Hint: Here, total volume we need to find out here the volume can be obtained if we know the final concentration of the isotope. If N is the number of nuclei in the sample and \[\Delta N\] undergo decay in time \[\Delta t\] then \[\dfrac{{\Delta N}}{{\Delta t}} \propto N\] or \[\dfrac{{\Delta N}}{{\Delta t}} = - \lambda N\], where, \[\lambda \] is called the radioactive decay constant or disintegration constant.it is used to derive law of radioactive decay.

Complete Step by step answer: So We can use the following relation to find out the required value.
\[\dfrac{{\Delta N}}{{\Delta t}} = - \lambda N\]
\[\dfrac{{dN}}{N} = - \lambda t\]
Integrating both sides,
\[\int {_{{N_0}}^N} \dfrac{{dN}}{N} = - \lambda \int {_{{t_0}}^t} t\]
\[\Rightarrow \ln \left( {\dfrac{{N}}{{{N_0}}}} \right) = - \lambda t\]
\[\Rightarrow N = {N_0}{e^{ - \lambda t}}\]
This is the law of radioactive decay.
Hence, on the basis of the above equation we can derive activity of a radioactive substance: The total decay rate R of a sample of one or more radionuclides is called the activity of that sample.
\[R = \dfrac{{ - dN}}{{dt}}\; = \lambda N{e^{ - \lambda t}} = {R_0}{e^{ - \lambda t}} = \lambda N\]
Here, \[{R_0}\] is the radioactive decay rate at time\[t{\rm{ }} = {\rm{ }}0\], and R is the rate at any subsequent time t.
Given data:
\[
{t_{\dfrac{1}{2}}} = 8days\; = 8 \times \;24\;hrs\\
{R_0} = \;2.4 \times \;{10^5}Bq
\]
Using,
\[
\Rightarrow \dfrac{{0.692}}{{{t_{\dfrac{1}{2}}}}} \times t = \ln \dfrac{{{R_0}}}{R}\\
\Rightarrow \dfrac{{0.692}}{{8 \times 24}} \times 11.5 = \ln \dfrac{{2.4 \times {{10}^5}}}{R}\\
\Rightarrow \dfrac{{2.4 \times {{10}^5}}}{R} = {e^{0.041}} = 1 + 0.041\\
\Rightarrow R = \dfrac{{2.4 \times {{10}^5}}}{{1.041}} = 2.3 \times {10^5}
\]
Now, doing further calculation,
\[
115\;Bq\;i{\mathop{\rm s}\nolimits} \;in\;volume = 2.5ml\\
2.3 \times {10^5}\;Bq\;i{\mathop{\rm s}\nolimits} \;in\;volume = \dfrac{{2.5}}{{115}} \times 2.3 \times {10^5}\\
\Rightarrow = 0.05 \times {10^5}\\
\Rightarrow = 5 \times {10^3}ml\;or\;5\;litres
\]
By knowing the relationship between different units of radioactivity we can get to the appropriate answer,
\[
1\;becquerel = 1\;Bq = 1\;radioactive\;deca\;yper\;second\\
1\;curie = 1\;Ci = {3.710^{10}}\;Bq(decays\;per\;second)
\]

Hence, \[5\;litres\] is the total volume of blood in the person's body.

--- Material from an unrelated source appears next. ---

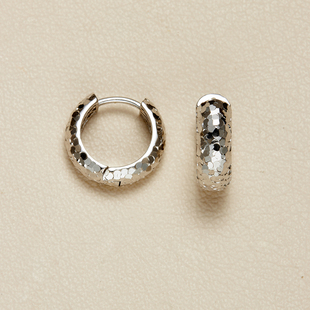 AHCHOO 静奢风百搭碎冰冰圆形耳环高级感S925纯银爆闪小耳扣耳饰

Note: In the same way ageing of the tree is estimated by using carbon dating technique. The carbon isotope carbon-\[14\]is used as a radioactive isotope. For mean value of a radioactive substance: Mean life \[\left( \tau \right)\] = sum of life of all atoms / total no of atoms present. \[\tau = \dfrac{1}{\lambda }\] , where, \[\lambda \] is the decay constant.